Certains sont pour, d'autres sont contre. Paru en mars 2017, le manuel scolaire "Questionner le monde" des Éditions Hatier fait beaucoup parler de lui, presque un mois après la rentrée. C'est en effet le tout premier livre scolaire à proposer l'écriture dite "inclusive", une grammaire prônant l'égalité hommes-femmes, régie par des règles selon lesquelles le genre masculin n'a pas à l'emporter sur le féminin. Dans ce livre adressé aux élèves de CE2, on ne parle plus "d'agriculteurs" mais "d'agriculteur.trice.s", de "savant.e.s" ou encore "d'artisan.e.s". Exit les parenthèses reléguant le genre féminin en seconde position.
Interrogé ce jeudi matin (28 septembre) au micro de France Inter par le journaliste Nicolas Demorand, le ministre de l'Éducation nationale Jean-Michel Blanquer a réagi sur le sujet : "Que cette liberté soit offerte dans la vie démocratique courante me paraît compréhensible. Mais à l'école, je suis plus réservé, quand je vois toutes les difficultés qu'on rencontre à bien consolider la lecture de façon simple et accessible." "Ça me semble questionable", a ajouté le ministre, qui a manifestement choisi de jouer la carte de la prudence.

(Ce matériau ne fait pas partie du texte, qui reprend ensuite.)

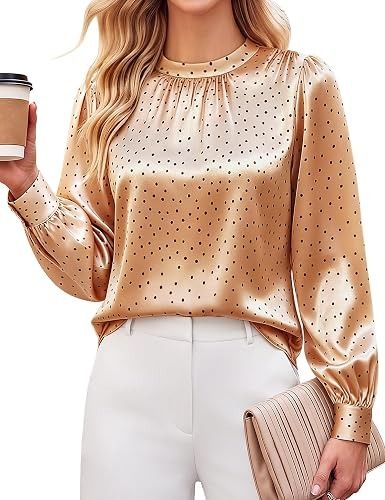 Gold Satin Polka Dot Blouse image 2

L'initiative est loin de séduire tout le monde. Parmi les plus fervents détracteurs, le philosophe Raphaël Enthoven, qui a qualifié le manuel scolaire "d'agression de la syntaxe par l'égalitarisme" et de "lifting du langage qui croit abolir les injustices du passé en supprimant leur trace", dans une de ses chroniques sur Europe 1.
Sur Twitter également, le débat est vif. La démarche des Éditions Hatier s'est notamment attiré les foudres du mouvement La Manif pour Tous. "Le mouvement à l'offensive pour imposer l'écriture inclusive est idéologique, égalitariste et même paranoïaque", peut-on lire dans un tweet publié sur le compte officiel.
Face à la polémique, les Éditions Hatier affirment s'être fondées sur les valeurs défendues par le Haut Conseil à l'égalité entre les hommes et les femmes (HCE). L'institution nationale avait en effet publié un guide en 2015 dans lequel elle affirmait qu'une communication publique dénuée de stéréotypes de genre passait notamment par l'écriture inclusive.
Le HCE a d'ailleurs félicité publiquement les Éditions Hatier : "Bravo aux @EditionsHatier qui donnent l'exemple pour une écriture inclusive et une éducation égalitaire", peut-on lire sur Twitter.
Un point de vue partagé par Eliane Viennot, professeure de littérature à l'université de Saint-Etienne. "Si nous voulons vraiment l'égalité, nous devons nous débarrasser autant que possible des travers légués par des siècles où seuls les hommes maniaient la parole publique, et le faisaient à leur avantage", considère cette femme de lettres, auteure de l'ouvrage "Non, le masculin ne l'emporte pas sur le féminin!" et signataire d'une tribune publiée début septembre sur le site de France Info.
Les Éditions Hatier ne sont pas les seules à avoir suscité une polémique en cette période de rentrée scolaire. Mi-septembre, les Éditions Nathan ont diffusé des excuses publiques après avoir publié un énoncé très douteux sur les migrants dans un manuel scolaire de mathématiques de Terminale ES.